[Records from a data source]
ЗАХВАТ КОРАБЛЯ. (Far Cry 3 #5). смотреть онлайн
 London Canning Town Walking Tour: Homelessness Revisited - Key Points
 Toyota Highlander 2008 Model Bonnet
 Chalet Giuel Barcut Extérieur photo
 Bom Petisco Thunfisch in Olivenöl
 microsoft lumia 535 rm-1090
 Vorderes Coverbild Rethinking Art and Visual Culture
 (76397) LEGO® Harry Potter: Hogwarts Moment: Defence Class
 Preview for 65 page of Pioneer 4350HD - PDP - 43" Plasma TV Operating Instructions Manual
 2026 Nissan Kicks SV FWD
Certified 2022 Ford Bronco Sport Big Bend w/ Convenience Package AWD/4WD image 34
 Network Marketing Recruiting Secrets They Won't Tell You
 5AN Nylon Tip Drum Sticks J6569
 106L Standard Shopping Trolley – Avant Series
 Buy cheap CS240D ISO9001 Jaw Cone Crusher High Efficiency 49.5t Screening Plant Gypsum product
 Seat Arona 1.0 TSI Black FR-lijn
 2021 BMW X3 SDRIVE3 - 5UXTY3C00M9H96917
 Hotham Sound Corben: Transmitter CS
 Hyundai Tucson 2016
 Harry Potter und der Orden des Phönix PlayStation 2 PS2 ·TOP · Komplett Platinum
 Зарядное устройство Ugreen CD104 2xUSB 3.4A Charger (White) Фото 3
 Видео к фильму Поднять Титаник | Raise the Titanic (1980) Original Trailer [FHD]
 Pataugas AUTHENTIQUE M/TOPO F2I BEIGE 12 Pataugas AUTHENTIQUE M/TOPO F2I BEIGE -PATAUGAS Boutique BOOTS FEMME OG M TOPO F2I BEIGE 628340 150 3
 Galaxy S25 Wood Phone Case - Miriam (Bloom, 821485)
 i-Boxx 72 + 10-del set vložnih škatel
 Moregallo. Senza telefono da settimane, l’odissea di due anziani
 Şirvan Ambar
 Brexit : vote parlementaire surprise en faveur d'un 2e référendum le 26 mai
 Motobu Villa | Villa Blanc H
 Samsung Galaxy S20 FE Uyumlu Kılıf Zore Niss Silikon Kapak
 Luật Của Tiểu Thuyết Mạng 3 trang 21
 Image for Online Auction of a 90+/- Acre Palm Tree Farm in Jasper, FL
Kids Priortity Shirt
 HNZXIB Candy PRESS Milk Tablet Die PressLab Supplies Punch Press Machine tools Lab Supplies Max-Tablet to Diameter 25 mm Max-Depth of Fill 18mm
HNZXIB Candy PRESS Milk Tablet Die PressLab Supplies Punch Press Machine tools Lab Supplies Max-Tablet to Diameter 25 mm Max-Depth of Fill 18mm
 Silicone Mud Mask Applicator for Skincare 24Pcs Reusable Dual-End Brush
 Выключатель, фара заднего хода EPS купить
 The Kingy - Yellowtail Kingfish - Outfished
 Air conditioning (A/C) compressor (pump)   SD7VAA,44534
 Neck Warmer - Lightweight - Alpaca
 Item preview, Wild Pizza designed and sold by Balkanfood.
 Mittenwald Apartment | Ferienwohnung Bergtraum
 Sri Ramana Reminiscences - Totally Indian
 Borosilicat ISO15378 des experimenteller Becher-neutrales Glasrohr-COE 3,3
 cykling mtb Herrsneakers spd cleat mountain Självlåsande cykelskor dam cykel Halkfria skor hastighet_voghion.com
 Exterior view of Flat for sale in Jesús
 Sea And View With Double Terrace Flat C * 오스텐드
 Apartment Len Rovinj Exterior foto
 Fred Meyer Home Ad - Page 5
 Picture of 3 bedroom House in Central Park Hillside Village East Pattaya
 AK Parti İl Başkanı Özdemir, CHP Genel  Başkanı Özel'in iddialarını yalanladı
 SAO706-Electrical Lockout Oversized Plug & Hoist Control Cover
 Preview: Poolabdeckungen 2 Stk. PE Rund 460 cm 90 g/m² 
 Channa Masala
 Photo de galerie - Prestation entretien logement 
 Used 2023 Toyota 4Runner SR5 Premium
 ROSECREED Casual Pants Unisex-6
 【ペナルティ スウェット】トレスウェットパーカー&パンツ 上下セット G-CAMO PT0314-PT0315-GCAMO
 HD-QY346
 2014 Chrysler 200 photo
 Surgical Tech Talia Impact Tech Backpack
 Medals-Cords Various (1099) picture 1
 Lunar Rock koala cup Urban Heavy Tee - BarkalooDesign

# What is required:
Which of the lines above hold the word "Exterior"? Copy each one.

# Output of the exercise:
 Exterior view of Flat for sale in Jesús
 Apartment Len Rovinj Exterior foto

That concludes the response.